Set your sights on the skies, but keep your focus straight ahead.

That was the message delivered by three guest speakers Thursday (March 24) as the College’s chapter of Women in Aviation International celebrated Women in Aviation Day. Together, lofty goals and laser-like attention to detail will help any would-be aviator succeed.

“If you have a goal, don’t look to the left or to the right,” said speaker Georgette Sgarro, assistant air traffic manager at Kennedy Airport. “Keep focused on your path.”

More than 75 students from Vaughn, August Martin High School in Jamaica and Middle School 226 in South Ozone Park attended the signature event of Vaughn’s Women in Aviation chapter on Thursday. In addition to Sgarro, they were treated to the insights of two other aviation professionals — Maureen Patton, managing director of FedEx Express, the nation’s largest overnight transporter; and Denise Waters, an aviation mechanic, pilot and writer.

The high-school and middle-school students came at the invitation of Camila Turrieta, president of Vaughn’s Women in Aviation chapter and a graduate of August Martin and M.S. 226.

Patton began the discussion by describing her role as chief maintenance manager for FedEx’s fleet of 600 jets. A Navy veteran, she is the only female senior manager in FedEx aircraft maintenance.

“It’s been a challenge being a female in a male-dominated world,” Patton said. “But I’ve always believed that if you can dream it, you can achieve it. Education is important and so is picking a career at which you will have fun. I love my job and my career path.”

Sgarro took a most unconventional path to a top-level controller’s position. She began her career three decades ago as a secretary in the New York Common IFR Room, where she was exposed to the science of air traffic control. In 1982, she was hired as a controller at LaGuardia Airport and six years after that became the first female supervisor in the New York area.

She was joined as a panelist by Waters, president of the Association for Women in Aviation Maintenance and a two-time winner of the Air Race Classic, an annual women’s transcontinental race. Waters also competed in the 2001 London to Sydney, Australia Air Race.

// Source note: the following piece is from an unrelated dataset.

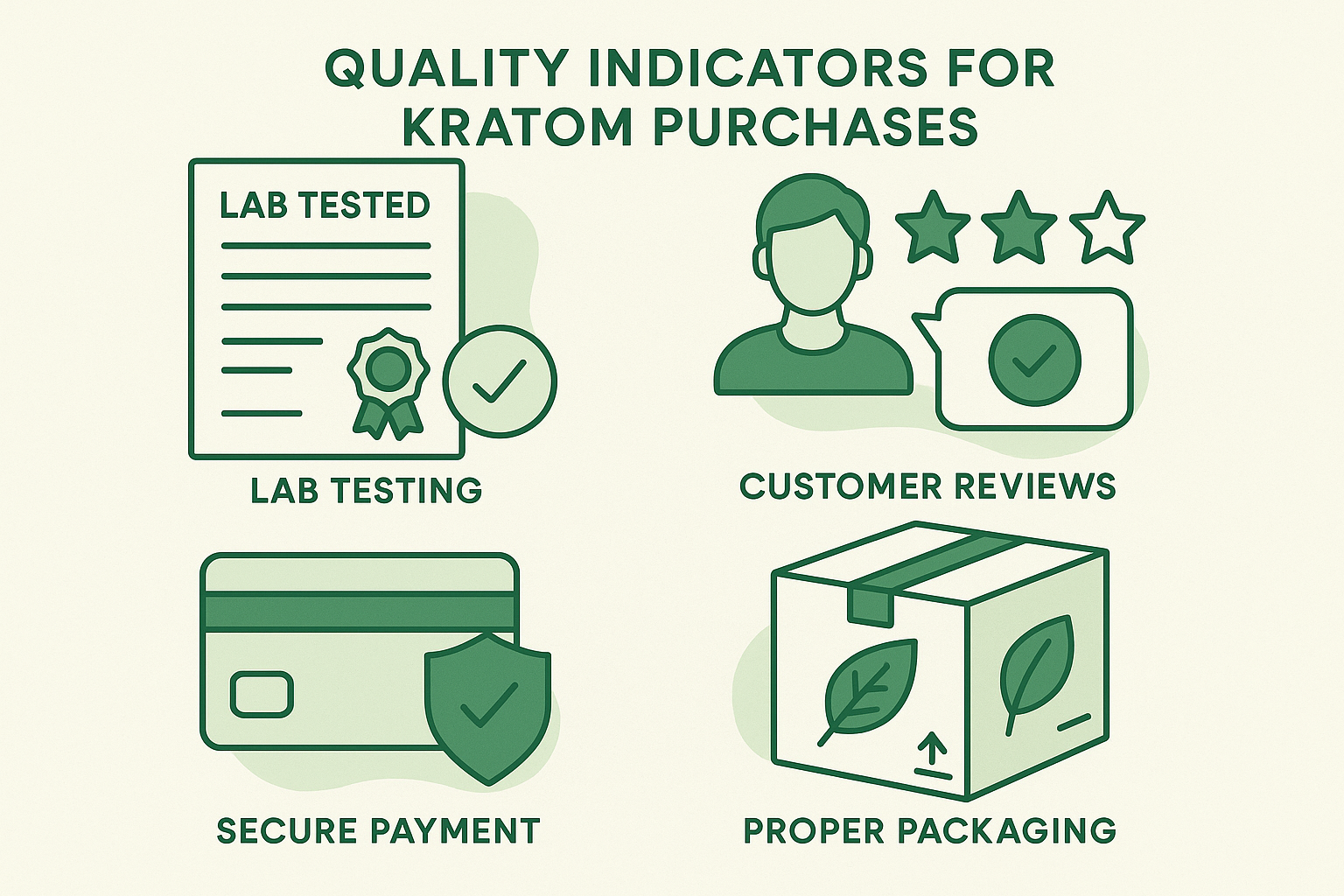 Illustration (1024x1024) - A modern flat design illustration showing quality indicators for kratom purchases: lab testing certificates, cust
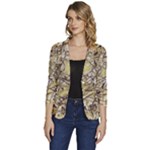 Marble Texture Pattern Seamless Women s One-Button 3/4 Sleeve Short Jacket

Waters holds bachelor’s and master’s degrees in music education and came to aviation after 15 years as an executive in the telecommunications industry. She said she uses all of those skills in her new life as an aviator.

“I apply what I learned in those other disciplines to flying,” Waters said. “The discipline I needed to learn to play instruments I used to learn to fix a plane or fly a plane.”

denise_waters

Aviator and writer Denise Waters addresses Vaughn’s Women in Aviation chapter Thursday.